The variations in skin friction with respect to the frequency parameter α under the influence of Gr, Pr and Q, in both the inner and the outer walls of the annulus are presented in Figures 11 to 16. From Figures 11 and 12 it may be concluded that for a particular frequency α and a fixed time, the friction at the inner and outer wall have a similar magnitude but acting in opposite directions (a similar observation is made in the case of Figures 13 and 14 as well as Figures 15 and 16, respectively); and as the buoyancy force gets magnified, the fluid velocity is uplifted, resulting in the friction at the walls also to increase substantially. On the other hand an opposite trend of behavior is evident in Figures 13 and 14 when Pr is increased and in the case of Figures 15 and 16 when Q is raised. This reverse trend may be linked to a decline of thermal transport in the fluid in both cases. This suggests that if one considers to reduce the friction at the walls, fluids with higher Prandtl numbers like water (\(\mathit{Pr} = 7\)) or various refrigerants (Pr between 4 and 5) need be used. We note that the effect of thermal radiation parameter is highly unpronounced on the friction at both walls of the annulus (Figure 15 and 16). This phenomenon is rooted in the fact that mercury is a good carrier of heat and dissipates very little energy in the form of thermal radiation.
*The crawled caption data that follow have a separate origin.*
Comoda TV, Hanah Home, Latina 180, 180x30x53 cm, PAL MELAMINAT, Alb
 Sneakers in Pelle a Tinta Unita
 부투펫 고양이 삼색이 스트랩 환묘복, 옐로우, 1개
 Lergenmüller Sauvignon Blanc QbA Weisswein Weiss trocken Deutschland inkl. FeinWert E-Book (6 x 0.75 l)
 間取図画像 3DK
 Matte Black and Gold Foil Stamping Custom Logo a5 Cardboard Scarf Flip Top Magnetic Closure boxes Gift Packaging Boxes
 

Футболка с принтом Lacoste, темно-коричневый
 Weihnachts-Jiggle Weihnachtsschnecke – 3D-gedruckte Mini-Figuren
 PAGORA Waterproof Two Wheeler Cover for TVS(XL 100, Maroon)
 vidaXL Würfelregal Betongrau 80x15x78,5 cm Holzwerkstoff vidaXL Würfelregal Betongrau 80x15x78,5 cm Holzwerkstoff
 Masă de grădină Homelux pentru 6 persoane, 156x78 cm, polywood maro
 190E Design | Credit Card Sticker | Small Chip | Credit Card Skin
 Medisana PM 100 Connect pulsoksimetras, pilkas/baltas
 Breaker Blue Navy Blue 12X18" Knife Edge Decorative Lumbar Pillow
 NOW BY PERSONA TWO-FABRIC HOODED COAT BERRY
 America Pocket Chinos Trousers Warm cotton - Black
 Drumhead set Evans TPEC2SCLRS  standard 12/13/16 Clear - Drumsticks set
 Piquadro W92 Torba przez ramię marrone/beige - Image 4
Fluids other than mercury will have different radiation properties and this needs further investigation in this connection.

Figure 11
figure 11

Skin friction (inner wall) versus α for \(\pmb{M = 0.4}\) , \(\pmb{Q = 5}\) , \(\pmb{\mathit{Pr} =0.025}\) , \(\pmb{t = 2}\) , \(\pmb{\lambda= 2}\) , \(\pmb{n_{1}= 1}\) , \(\pmb{n_{2}= 2}\) , \(\pmb{P_{0}= 1}\) .

Figure 12
figure 12

Skin friction (outer wall) versus α for \(\pmb{M = 0.4}\) , \(\pmb{Q = 5}\) , \(\pmb{\mathit{Pr} =0.025}\) , \(\pmb{t = 2}\) , \(\pmb{\lambda= 2}\) , \(\pmb{n_{1}= 1}\) , \(\pmb{n_{2}= 2}\) , \(\pmb{P_{0}= 1}\) .

Figure 13
figure 13

Skin friction (inner wall) versus α for \(\pmb{M = 0.4}\) , \(\pmb{Q = 5}\) , \(\pmb{\mathit{Gr} =10}\) , \(\pmb{t = 2}\) , \(\pmb{\lambda= 2}\) , \(\pmb{n_{1}= 1}\) , \(\pmb{n_{2}= 2}\) , \(\pmb{P_{0}= 1}\) .

Figure 14
figure 14

Skin friction (outer wall) versus α for \(\pmb{M = 0.4}\) , \(\pmb{Q = 5}\) , \(\pmb{\mathit{Gr} =10}\) , \(\pmb{t = 2}\) , \(\pmb{\lambda= 2}\) , \(\pmb{n_{1}= 1}\) , \(\pmb{n_{2}= 2}\) , \(\pmb{P_{0}= 1}\) .

Figure 15
figure 15

Skin friction (inner wall) versus α for \(\pmb{M = 0.4}\) , \(\pmb{\mathit{Gr} =10}\) , \(\pmb{\mathit{Pr} = 0.025}\) , \(\pmb{t = 2}\) , \(\pmb{\lambda= 2}\) , \(\pmb{n_{1}= 1}\) , \(\pmb{n_{2}= 2}\) , \(\pmb{P_{0}= 1}\) .

Figure 16
figure 16

Skin friction (outer wall) versus α for \(\pmb{M = 0.4}\) , \(\pmb{\mathit{Gr} =10}\) , \(\pmb{\mathit{Pr} = 0.025}\) , \(\pmb{t = 2}\) , \(\pmb{\lambda= 2}\) , \(\pmb{n_{1}= 1}\) , \(\pmb{n_{2}= 2}\) , \(\pmb{P_{0}= 1}\) .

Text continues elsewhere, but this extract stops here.